Clematis comes in varieties that bloom at different times of the growing season. There are spring-blooming varieties that come out of their dormancy period very early. Other varieties bloom in the mid-summer or fall. These periods of dormancy, growing and blooming have an effect on the strength of the plant and its ability to withstand the shock of the transplant process, so care should be taken to avoid blooming seasons when transplanting.
Most experts suggest that transplanting be done very early in the spring while the plant is still dormant and before new growth appears. This can be done as soon as the ground can be worked. Otherwise, transplanting should be delayed until very late in the fall after blooms have fallen off.
A well-established clematis plant will have an extensive root system that will be larger than you expect. Plant roots can reach as much as 4 feet under ground. It is important to avoid damaging the roots as much as possible because most of the plant’s energy is in the root system during the dormancy period. Dig up the plant, taking care to get as much as the root system as you can. If the plant is large and unwieldy, you may need to use a wheelbarrow to carry it to the transplanting area.

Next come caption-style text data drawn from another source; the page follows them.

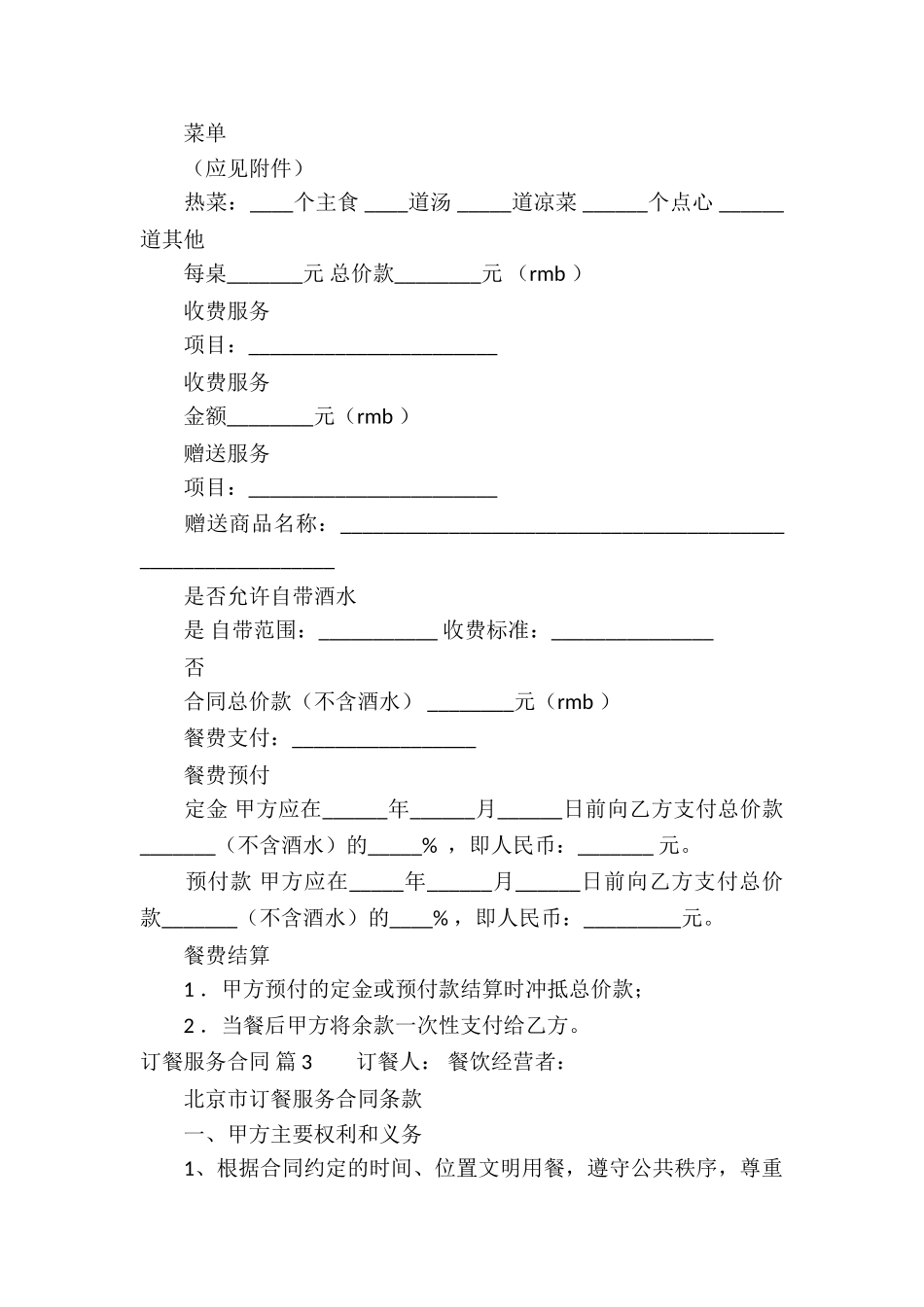 实用的订餐服务合同四篇_第3页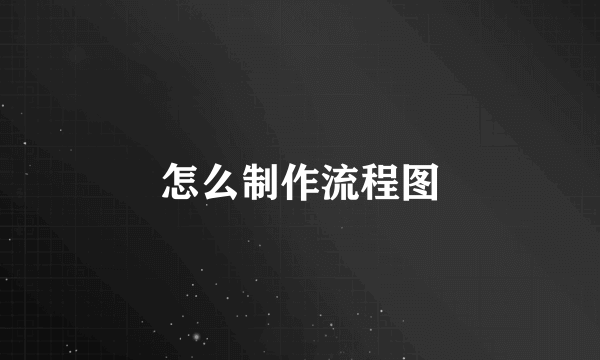 怎么制作流程图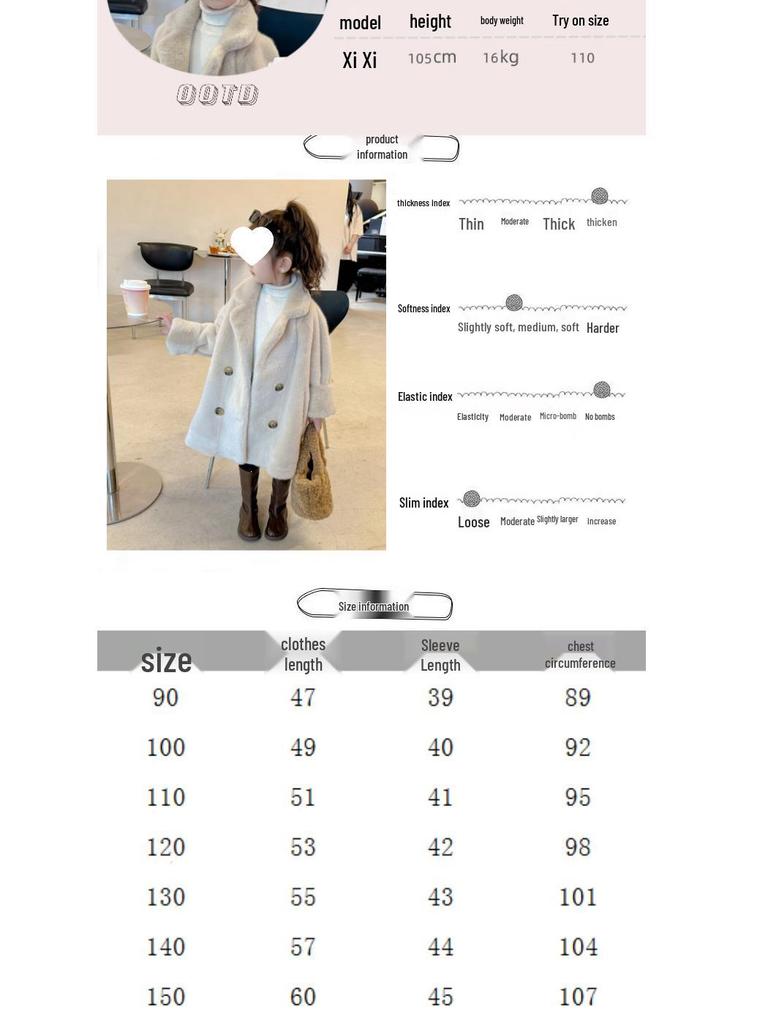 Girls' Faux Mink Fur Mid-Length Winter Coat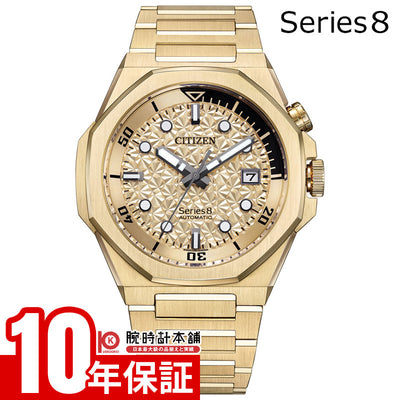 シチズン Series 8 シリーズエイト 890 Mechanical Limited 世界限定1200本 NB6062-52P メンズ メカニカル 機械式 オート
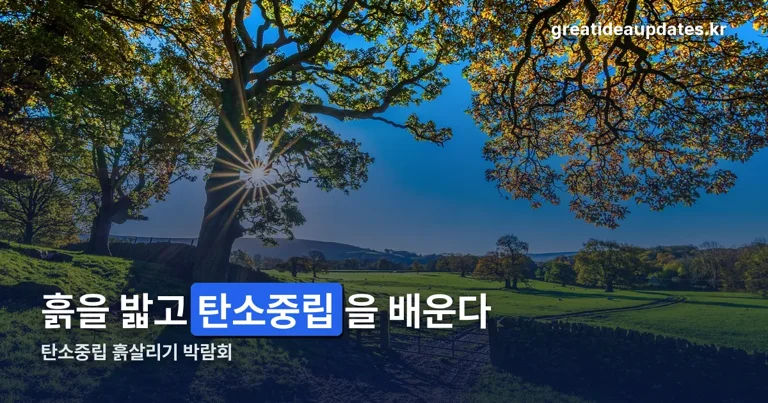 탄소중립 흙살리기 박람회 정리 썸네일
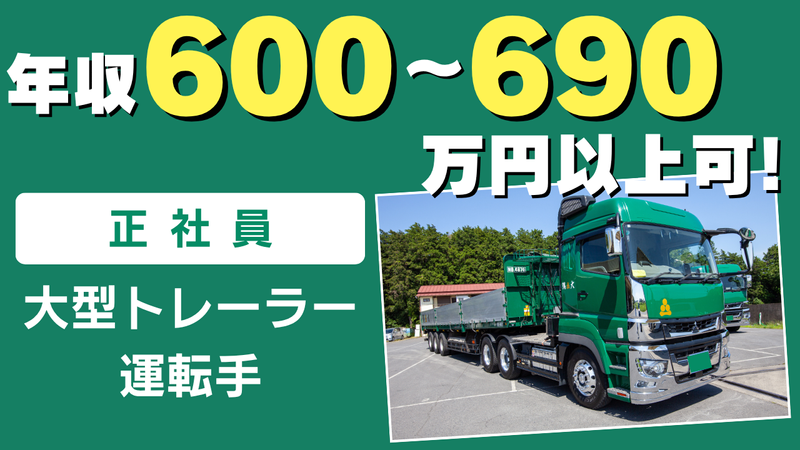 大隅運輸有限会社-0001の求人・転職情報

Dig a hole considerably larger than you will need for the root system. Place compost or manure at the bottom of the hole. Throw in a bit of bone meal or a fertilizer high in phosphates. Mix with the compost at the bottom of the hole. Fill the hole with water. Submerge the plant in the water. Fill in with enriched topsoil. See that the plant is 2-3 inches deeper than its previous level. Water regularly as needed
Keeping the plant moist will help to establish it in its new home and will reduce shock to the root system. Many clematis plants weather transplanting without a problem, but sometimes a full growing season is required to become accustomed to its new position. Regardless, keep the plant watered and fertilize every two weeks with a general fertilizer.